Here's What Users Dislike About The Happn Dating App

When it comes to dating apps, there seems to be no end in sight. Just when you think you've found the right one, another one comes along promising even better matches, better results, and for those who are looking for it, true love.


Dating apps are big business. In the US alone, they made a whopping $602 million in 2020, with projections of making $755 million by 2024, via Statista. And they make those bucks off the 44.2 million users, a number that's estimated to reach 53.3 million by the year 2025, via Statista.

If that many people are using dating apps, then it's safe to assume there's an app for everyone out there. Farmers Only, anyone?

One app that's become popular in the last few years is Happn. Happn takes that missed connection concept and digitalizes it, because it shows you who you've passed throughout the day. So if you pass some cutie patootie on your way to work, but didn't have the nerve to go up to them, with Happn (if they have it too), they'll pop up because you've crossed paths, via Mashable.

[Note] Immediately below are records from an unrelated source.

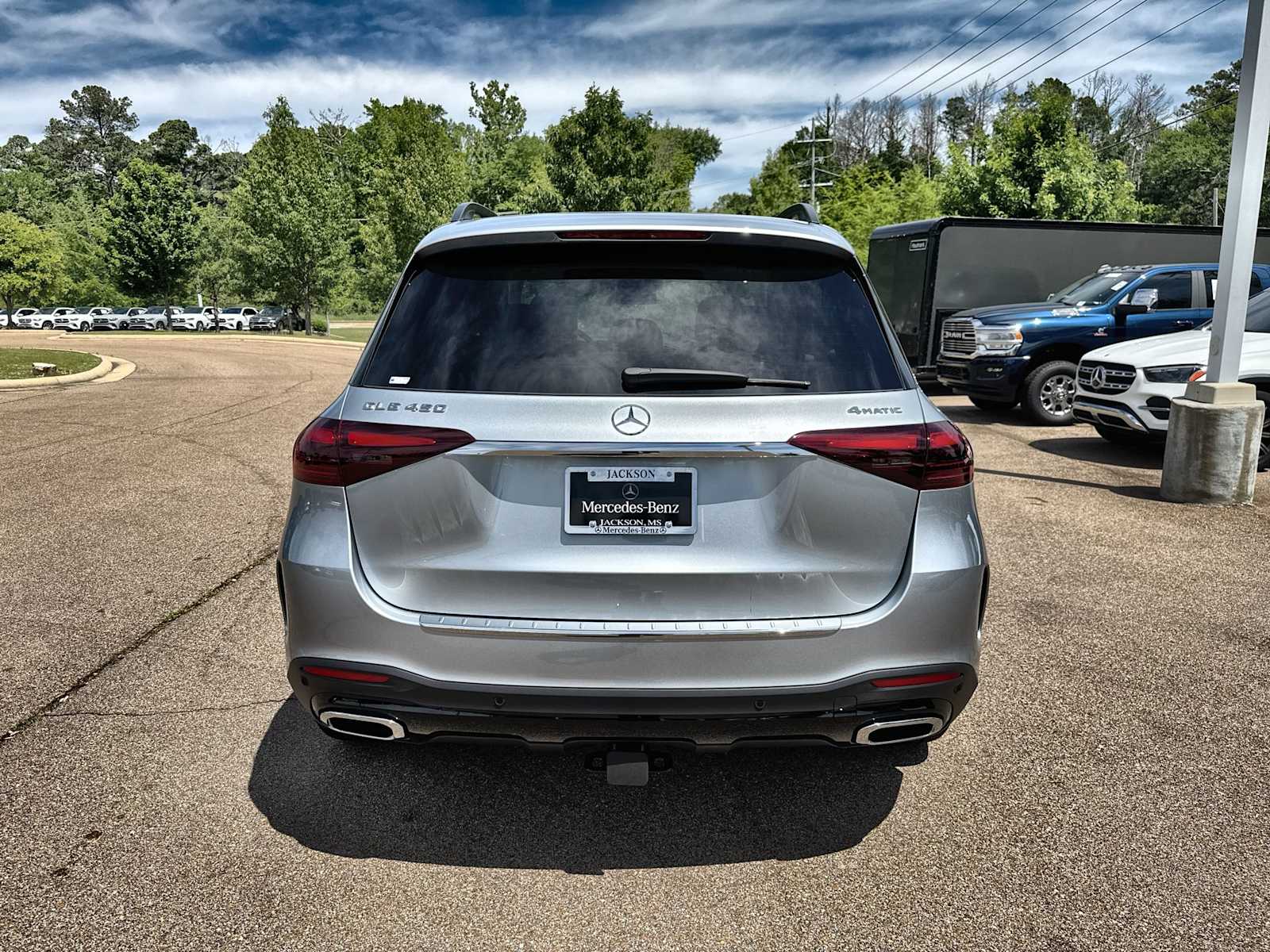 Thumbnail: 2026 Mercedes-Benz GLE - 7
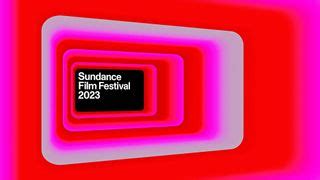 New Sundance Film Festival logo is the perfect homage to the big screen | Creative Bloq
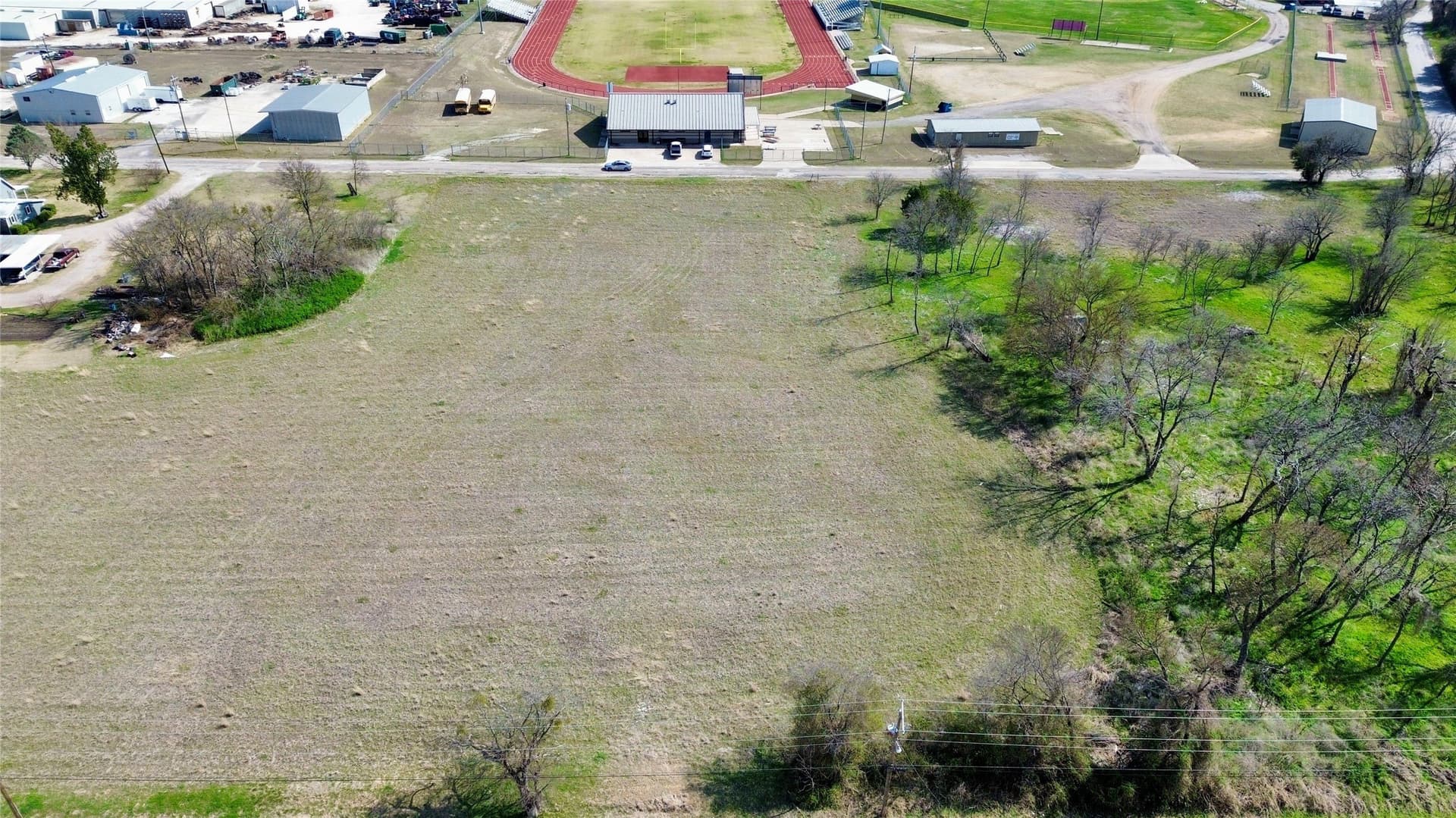 0.59 acres in Bosque County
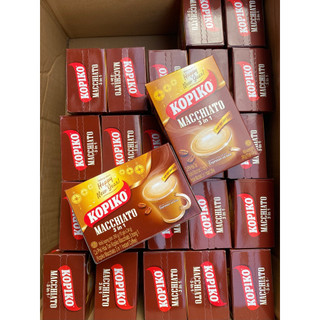 Cà phê sữa Kopiko Thái Lan (20 gói)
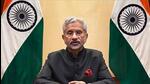 External affairs minister S Jaishankar. (File) External affairs minister S Jaishankar. (File)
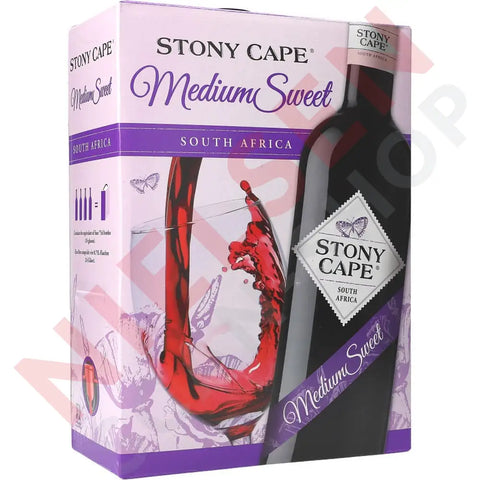 Stony Cape Medium Sweet Rot Vin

But like all dating apps, it's not perfect and not everyone loves it.

It could lead to stalking

While Happn is great because it lets you see whose paths you've crossed, if you keep crossing paths with the same person on the same street over and over again, it can become pretty easy to deduce where they live, via The Courier Mail. If this happens, then there could be a serious stalking issue.


"Tinder uses location when it shows you that the person is five or 10km away but that's not like this where it is tracking movement — this is particularly creepy," police officer for 27 years turned cyber safety expert Susan McLean tells The Courier Mail. "It's dangerous and absolutely has a huge potential to become an issue. There are just so many ways in which this can be ­misused."

Although one would like to hope that no one would open their door to a stranger, if that stranger is a 6'4" tall man clocking in at 250 pounds, and he's pushing himself inside the home of a woman who doesn't have that height and weight on her side, it can be really scary. And, as McLean points out "dangerous."


It can put you in an awkward situation

In addition to someone possibly finding out where you live, Happn shows you who's near you at that very moment. Like, really near you — as in, say, 800 feet away, via VPN Overview.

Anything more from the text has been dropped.